What you need to do>
The expected result is the full set of records, copied precisely, with images dropped.

Short text fragments from websites>
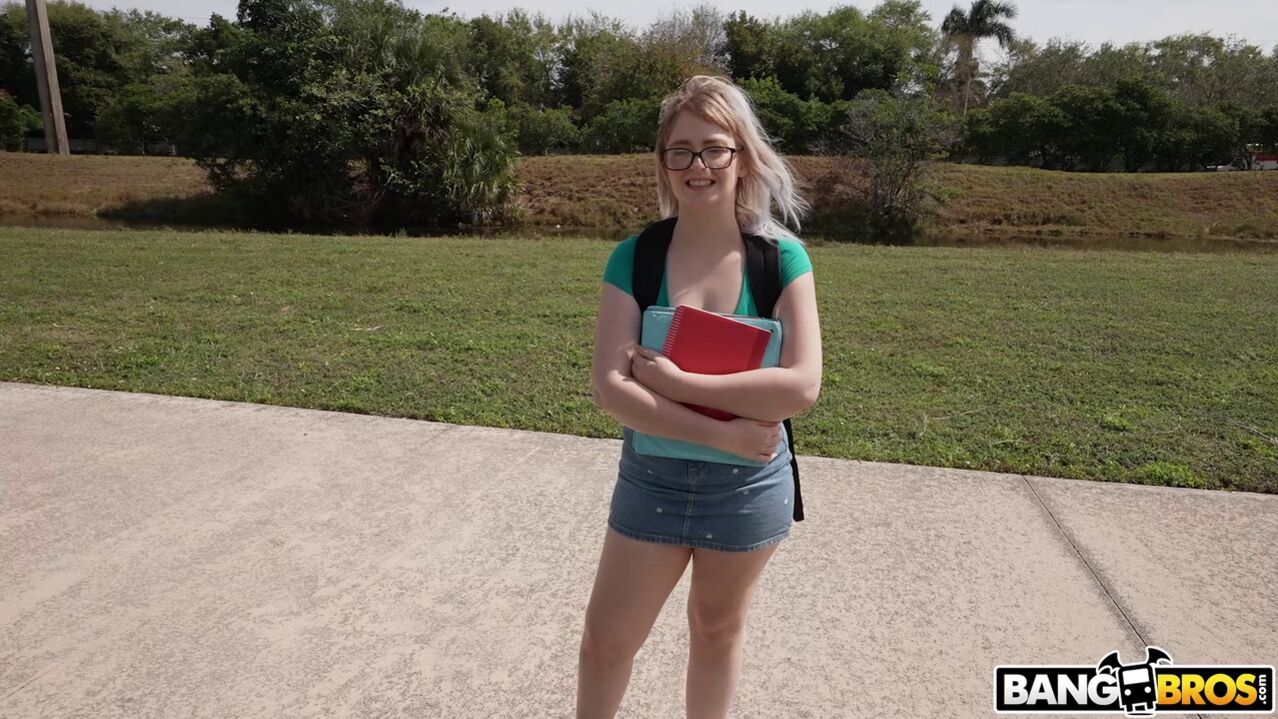 Nerdy Blonde Takes Big Dick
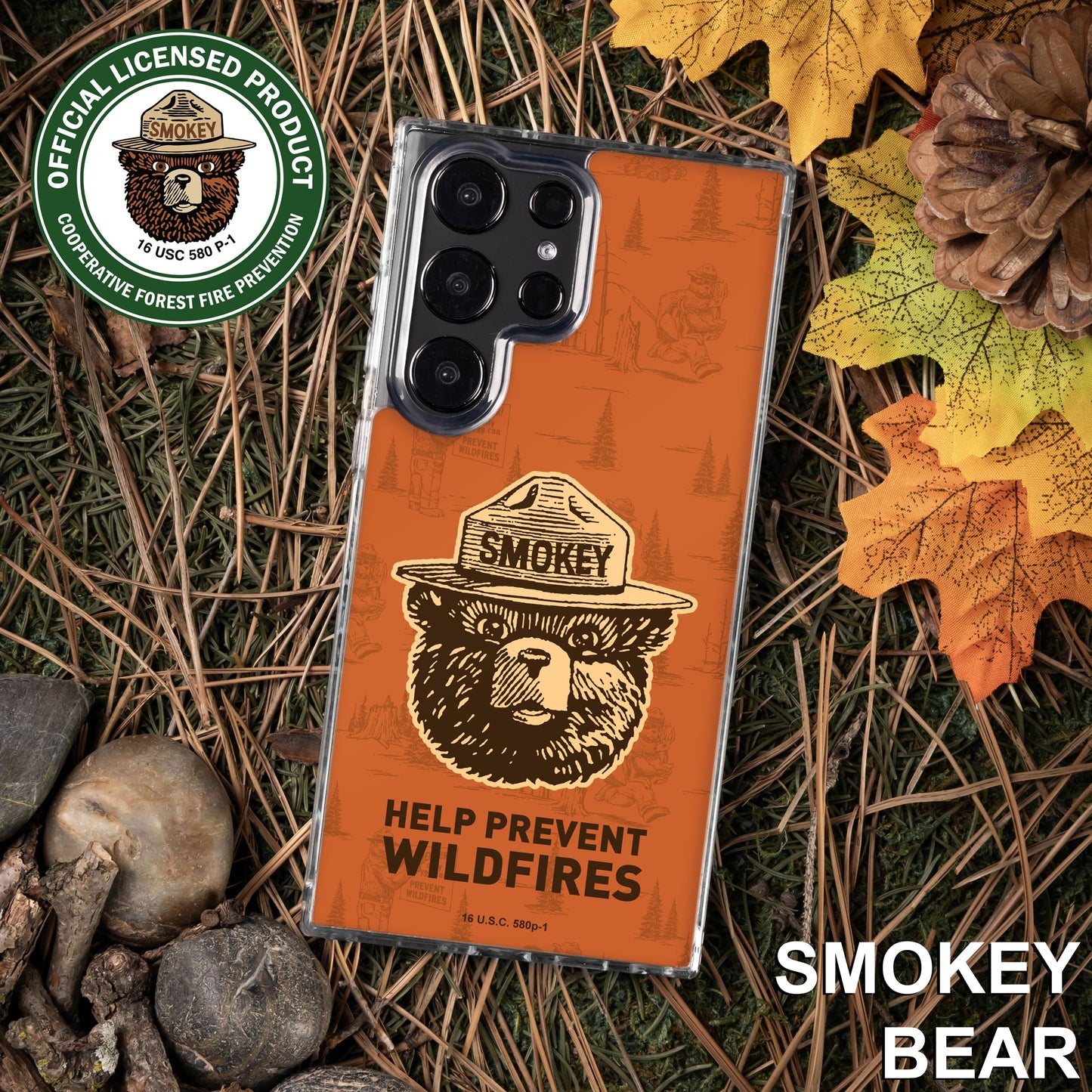 Smokey Bear Classic HD Samsung Galaxy S23 Phone Case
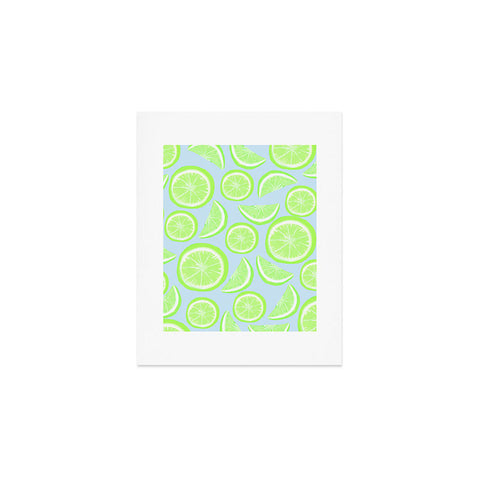 Lisa Argyropoulos Simply Lime Blue Art Print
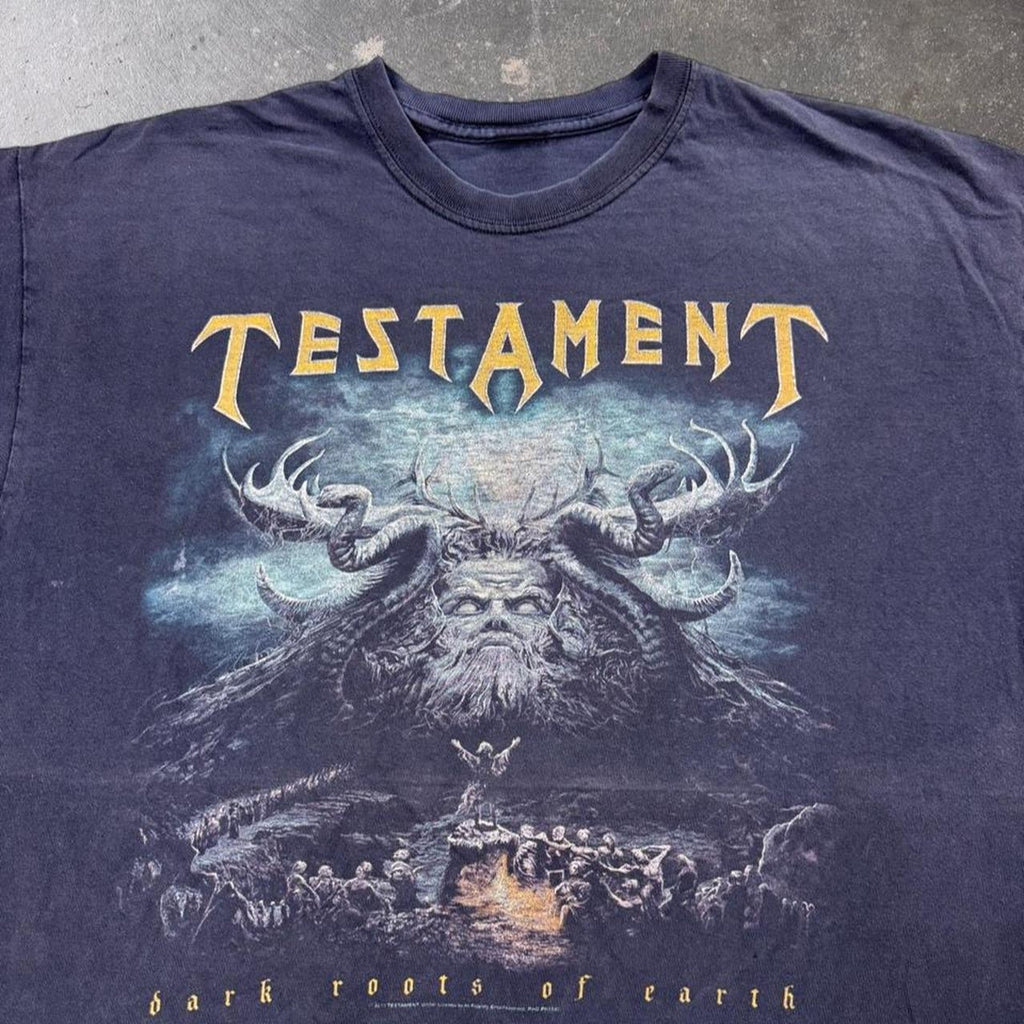2010s Testament Dark Roots of Earth Metal Band Tee | XL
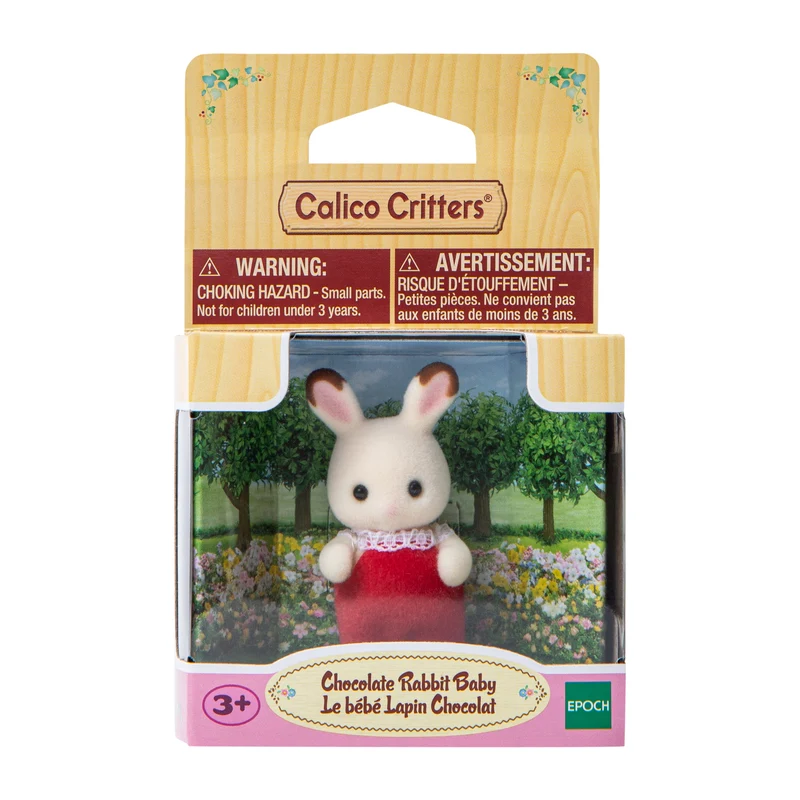 Calico Critters Chocolate Rabbit Baby Collectible Figure Toy Doll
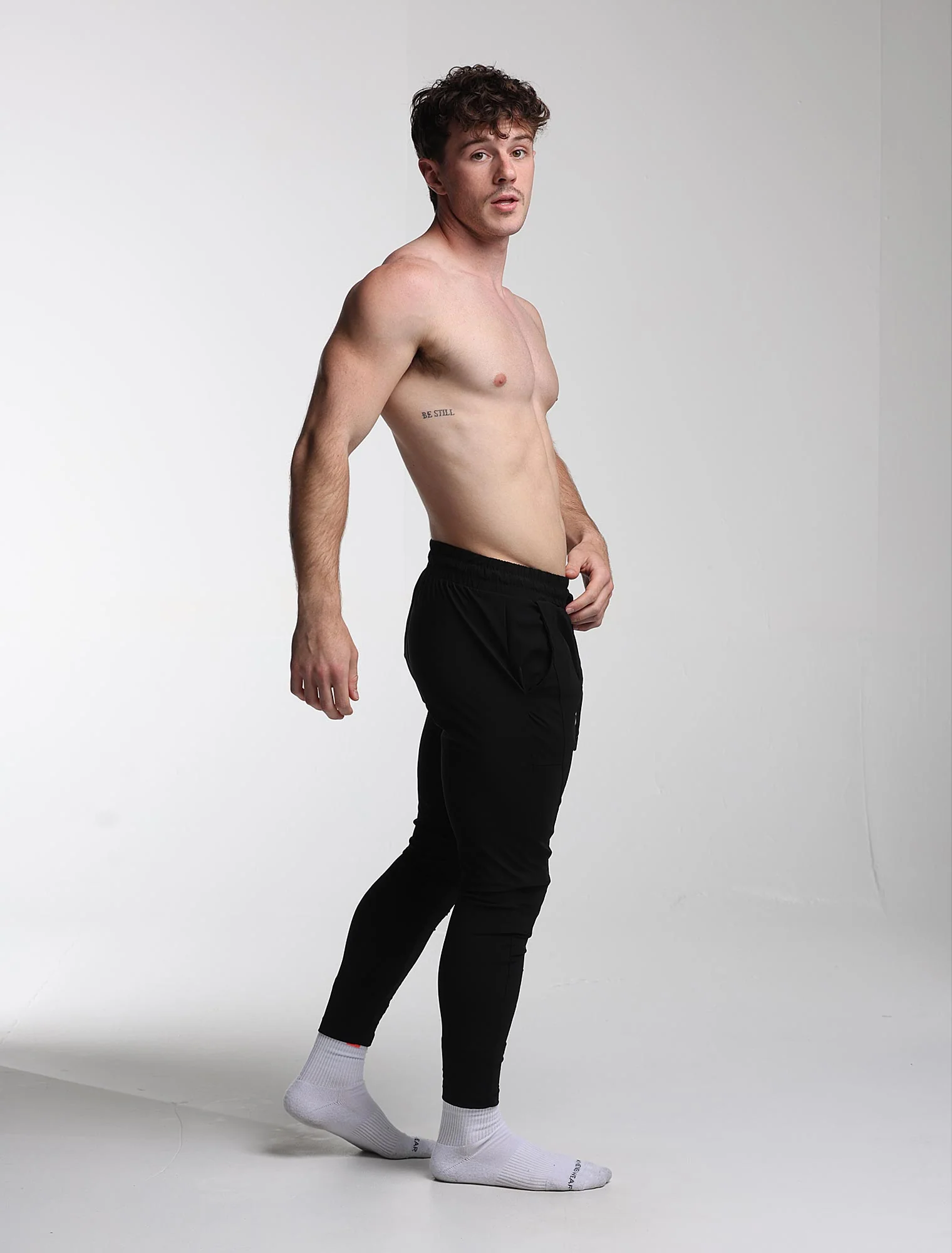 Mens X-Line Tapered Joggers - Black - Image 8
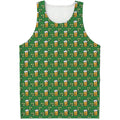 Cute St. Patrick's Day Pattern Print Men's Tank Top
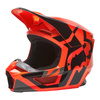 Kask cross FOX V1 LUX FLUORESCENT ORANGE pomarańczowy czarny szary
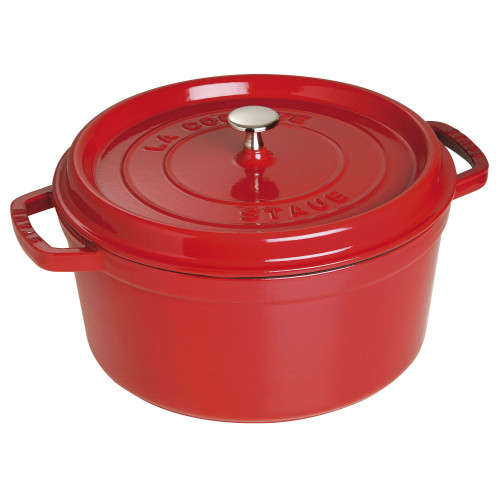 Staub - garnek żeliwny okrągły 6.7 ltr, czerwony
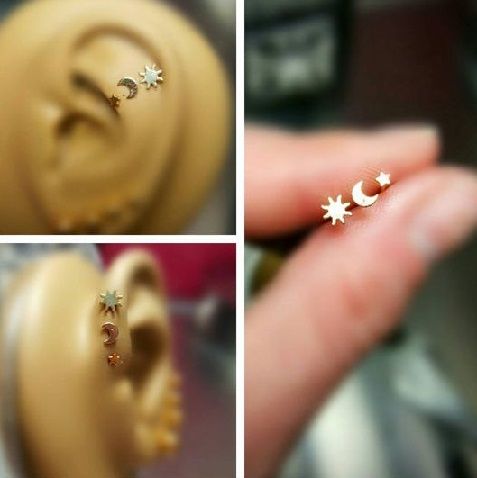 Tiny Astronomical Nose Rings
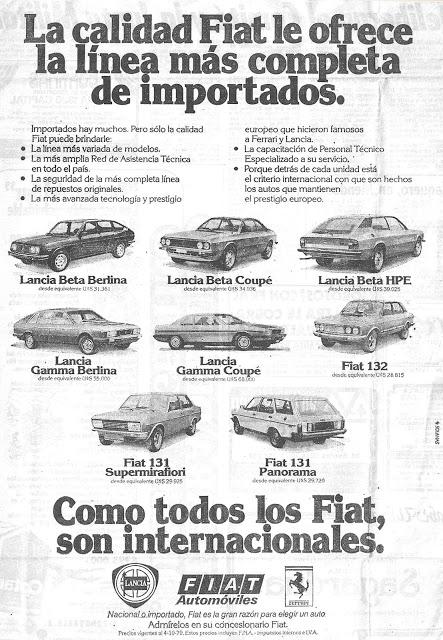 Los importados de Fiat Automóviles Los importados de Fiat Automóviles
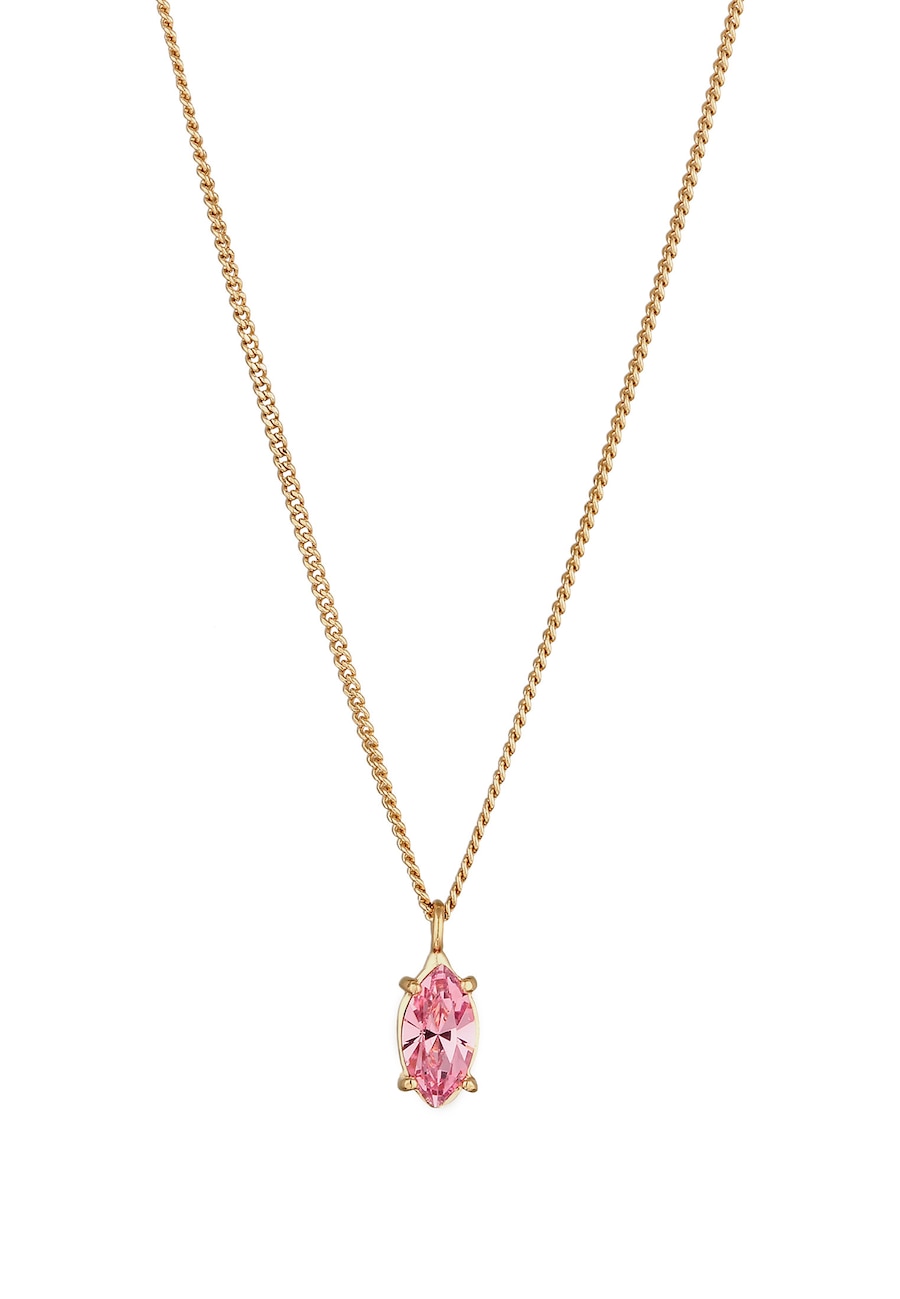 Elli Marquise Rosé 925 Sterling Silber, mit Kristallen von Swarovski goldfarben Damen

Response to the task>
 Nerdy Blonde Takes Big Dick
 Smokey Bear Classic HD Samsung Galaxy S23 Phone Case
 Lisa Argyropoulos Simply Lime Blue Art Print
2010s Testament Dark Roots of Earth Metal Band Tee | XL
 Calico Critters Chocolate Rabbit Baby Collectible Figure Toy Doll
 Mens X-Line Tapered Joggers - Black - Image 8
 Cute St. Patrick's Day Pattern Print Men's Tank Top
 Kask cross FOX V1 LUX FLUORESCENT ORANGE pomarańczowy czarny szary
 Staub - garnek żeliwny okrągły 6.7 ltr, czerwony
 Tiny Astronomical Nose Rings
 Los importados de Fiat Automóviles Los importados de Fiat Automóviles
 Elli Marquise Rosé 925 Sterling Silber, mit Kristallen von Swarovski goldfarben Damen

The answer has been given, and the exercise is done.